▶ **Provided data**

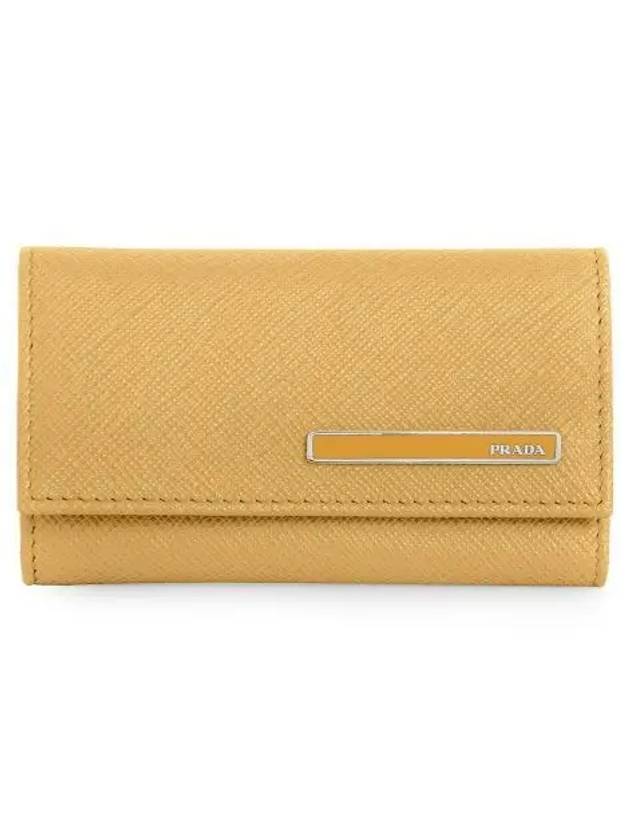 Saffiano Metal Logo Key Holder Yellow - PRADA - BALAAN 2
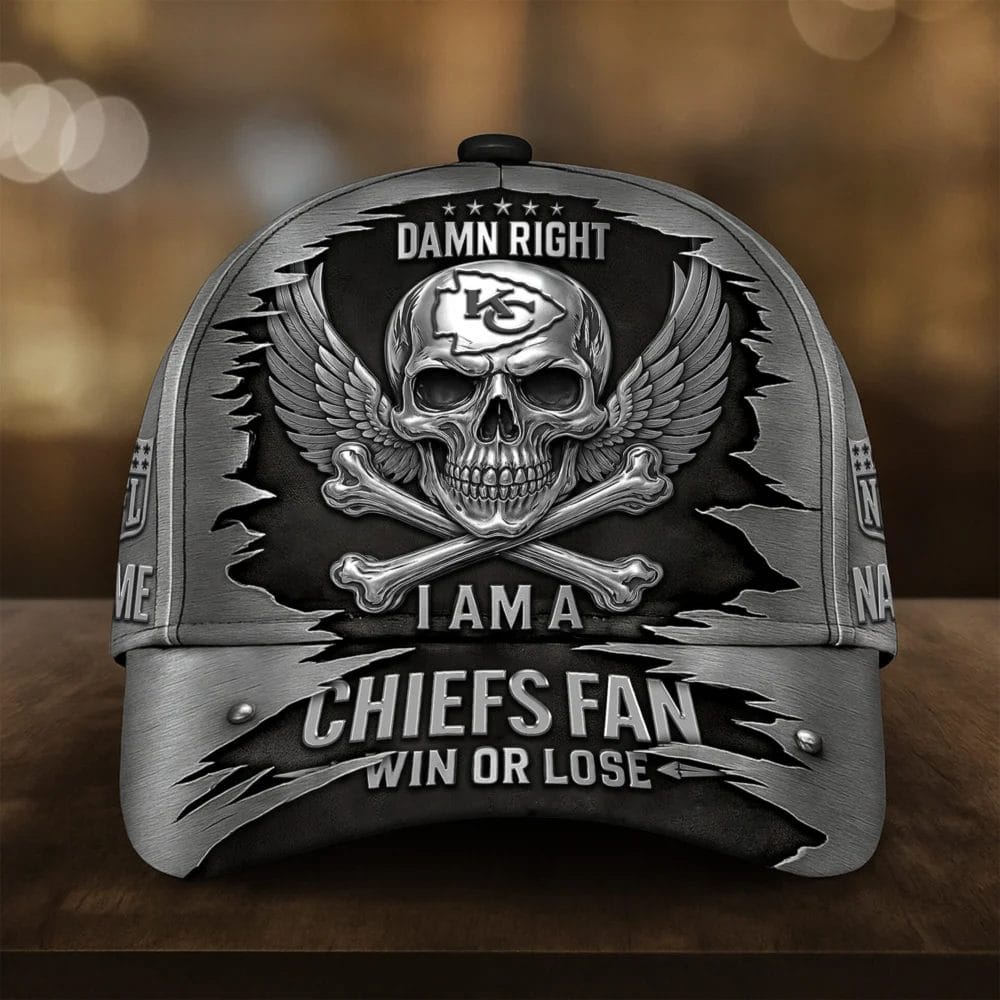 Kansas City Chiefs | Premium NFL Skull Wings Fan Pride Cap AMCACS000466 - Image 2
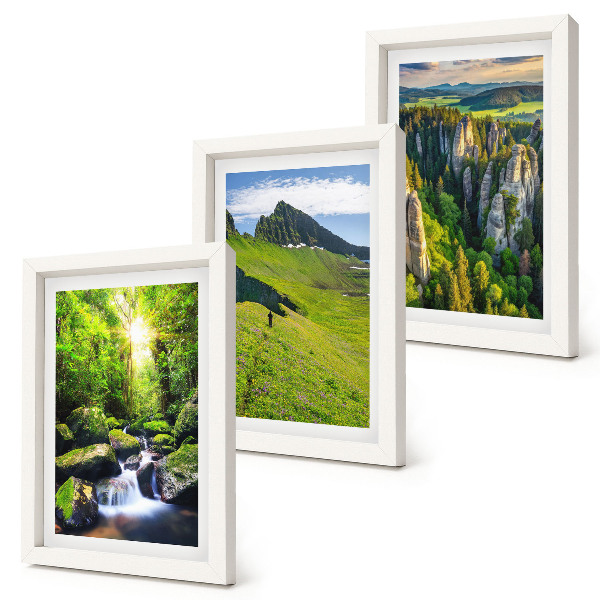 3-piece wall art set Green mountain landscapes with a waterfall and forest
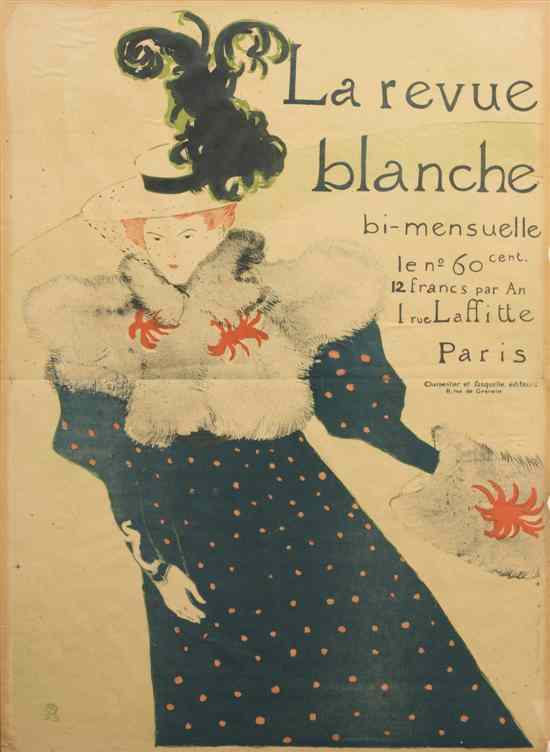 Appraisal: Henri de Toulouse-Lautrec French - La revue blanche color lithograph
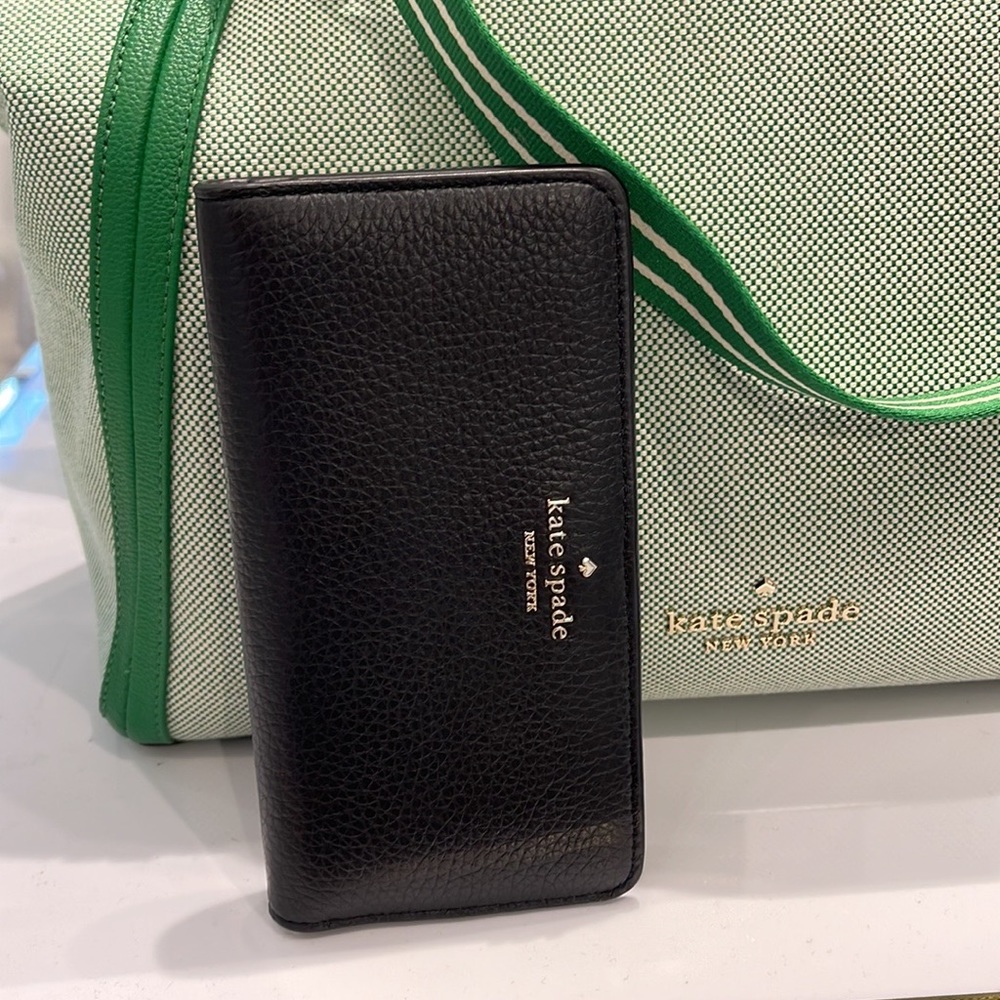 Kate Spade Dumpling Large Slim Bifold Wallet 
COLOR: Black - Picture 14 of 16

▶ **The problem**
Retype all of the entries exactly as written, leaving out any images.

▶ **Output for this exercise**
 Saffiano Metal Logo Key Holder Yellow - PRADA - BALAAN 2
 Kansas City Chiefs | Premium NFL Skull Wings Fan Pride Cap AMCACS000466 - Image 2
 3-piece wall art set Green mountain landscapes with a waterfall and forest
 Appraisal: Henri de Toulouse-Lautrec French - La revue blanche color lithograph
 Kate Spade Dumpling Large Slim Bifold Wallet 
COLOR: Black - Picture 14 of 16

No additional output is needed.